# "68" Steering Column Cover



## Layzdude (Jun 14, 2015)

Can any one post a picture or confirm for me what is the correct steering column cover for a "68" the Zazarine book does not have a picture. Ames catalog does not carry one for "68" and OPGI says the cover is the same 68-72

The one on my car looks like the 69-70 in the Zazarine book. 

Thanks

John


----------



## jmt455 (Mar 26, 2012)

I can't find any pics from my files, but here is a photo from the OPGI catalog:










The part shown is correct for 68.


----------



## Layzdude (Jun 14, 2015)

jmt455 said:


> I can't find any pics from my files, but here is a photo from the OPGI catalog:
> 
> 
> 
> ...



Thanks,
I saw that part. I think that attaches at the bottom of the dashboard. I am looking for the part that goes on the firewall and over the carpet. I bought the 69-72 from Ames. Should be here today or tomorrow. Will see.


----------



## 68GTO4004Spd (Jun 19, 2008)

mine looks like the 67 style with different hole locations.


----------



## Layzdude (Jun 14, 2015)

68GTO4004Spd said:


> mine looks like the 67 style with different hole locations.


Thanks. 

Yup that is the one on my car. weird how that is not the one they say if the proper fit. I wonder if when during the year the cars were built determined the cover.


----------



## 68GTO4004Spd (Jun 19, 2008)

The 68 has more one year only parts on them that most other years. It's the red headed stepchild when it comes to finding parts.


----------



## Guy B (Apr 29, 2015)

68GTO4004Spd said:


> The 68 has more one year only parts on them that most other years. It's the red headed stepchild when it comes to finding parts.
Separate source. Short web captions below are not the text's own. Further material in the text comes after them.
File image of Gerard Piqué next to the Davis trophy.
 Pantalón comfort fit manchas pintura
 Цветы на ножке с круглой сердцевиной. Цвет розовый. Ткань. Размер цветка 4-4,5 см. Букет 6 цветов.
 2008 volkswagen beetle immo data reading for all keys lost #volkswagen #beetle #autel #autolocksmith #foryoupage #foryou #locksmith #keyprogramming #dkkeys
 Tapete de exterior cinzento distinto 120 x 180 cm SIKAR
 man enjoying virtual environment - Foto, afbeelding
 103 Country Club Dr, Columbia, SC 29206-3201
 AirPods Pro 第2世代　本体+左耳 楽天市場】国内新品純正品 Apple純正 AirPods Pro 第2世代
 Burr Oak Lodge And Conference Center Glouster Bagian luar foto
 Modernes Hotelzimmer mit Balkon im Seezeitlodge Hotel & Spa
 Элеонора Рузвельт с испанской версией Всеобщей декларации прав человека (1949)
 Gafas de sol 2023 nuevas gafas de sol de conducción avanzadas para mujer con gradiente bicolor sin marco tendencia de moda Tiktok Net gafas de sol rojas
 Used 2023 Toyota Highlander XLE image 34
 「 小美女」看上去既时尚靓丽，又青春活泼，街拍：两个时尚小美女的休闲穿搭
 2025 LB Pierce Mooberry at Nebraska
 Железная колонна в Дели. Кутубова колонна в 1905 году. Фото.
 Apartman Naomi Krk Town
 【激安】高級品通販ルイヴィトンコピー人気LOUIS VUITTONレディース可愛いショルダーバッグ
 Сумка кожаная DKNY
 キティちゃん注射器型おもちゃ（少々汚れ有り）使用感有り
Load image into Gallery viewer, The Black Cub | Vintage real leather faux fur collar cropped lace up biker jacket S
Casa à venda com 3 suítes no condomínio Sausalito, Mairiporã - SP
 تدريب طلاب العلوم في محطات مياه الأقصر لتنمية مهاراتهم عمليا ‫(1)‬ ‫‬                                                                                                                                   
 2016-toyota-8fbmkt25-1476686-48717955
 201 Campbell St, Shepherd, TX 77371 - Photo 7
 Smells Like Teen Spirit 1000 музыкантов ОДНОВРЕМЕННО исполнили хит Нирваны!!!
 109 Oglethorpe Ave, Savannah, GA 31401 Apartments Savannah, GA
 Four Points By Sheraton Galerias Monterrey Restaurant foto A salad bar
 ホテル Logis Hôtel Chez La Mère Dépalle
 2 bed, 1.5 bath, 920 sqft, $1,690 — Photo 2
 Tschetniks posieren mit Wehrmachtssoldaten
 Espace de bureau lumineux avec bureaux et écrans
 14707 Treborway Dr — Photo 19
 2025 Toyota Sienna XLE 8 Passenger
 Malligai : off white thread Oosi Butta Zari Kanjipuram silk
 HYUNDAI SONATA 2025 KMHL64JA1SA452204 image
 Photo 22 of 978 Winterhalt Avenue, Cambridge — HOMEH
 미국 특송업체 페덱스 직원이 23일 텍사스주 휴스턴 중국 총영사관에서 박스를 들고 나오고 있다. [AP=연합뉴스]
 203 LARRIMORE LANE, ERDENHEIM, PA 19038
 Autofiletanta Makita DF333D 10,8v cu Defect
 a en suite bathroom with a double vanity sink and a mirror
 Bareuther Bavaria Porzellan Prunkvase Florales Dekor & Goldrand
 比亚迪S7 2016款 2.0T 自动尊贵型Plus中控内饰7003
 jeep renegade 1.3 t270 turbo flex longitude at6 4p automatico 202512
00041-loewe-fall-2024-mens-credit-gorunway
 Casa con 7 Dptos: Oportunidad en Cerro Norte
Found that out quickly....completely agree!.....:banghead:


----------



## Casper1 (May 28, 2021)

Guy B said:


> Found that out quickly....completely agree!.....:banghead:


Hey Guy B, its been a long time since you posted this thread. Did you ever find the cover piece you were looking for? I am currently looking for one as mine is broken in half. The repop one OPGI, Jegs, YearOne and others are selling is about 4x times bigger. I am tempted to get the repop since it will hold the carpet a lot better since there is a larger contact area. However, if I could find an original one I would prolly go with it unless I started having issues with it then I would switch over to the repop. 

Thanks


----------



## O52 (Jan 27, 2019)

The small one pops up on eBay from time to time. And I believe its the same one for all 68 GM A bodies. 
Scott (BLK69JUDGE) probably has a few laying around.


----------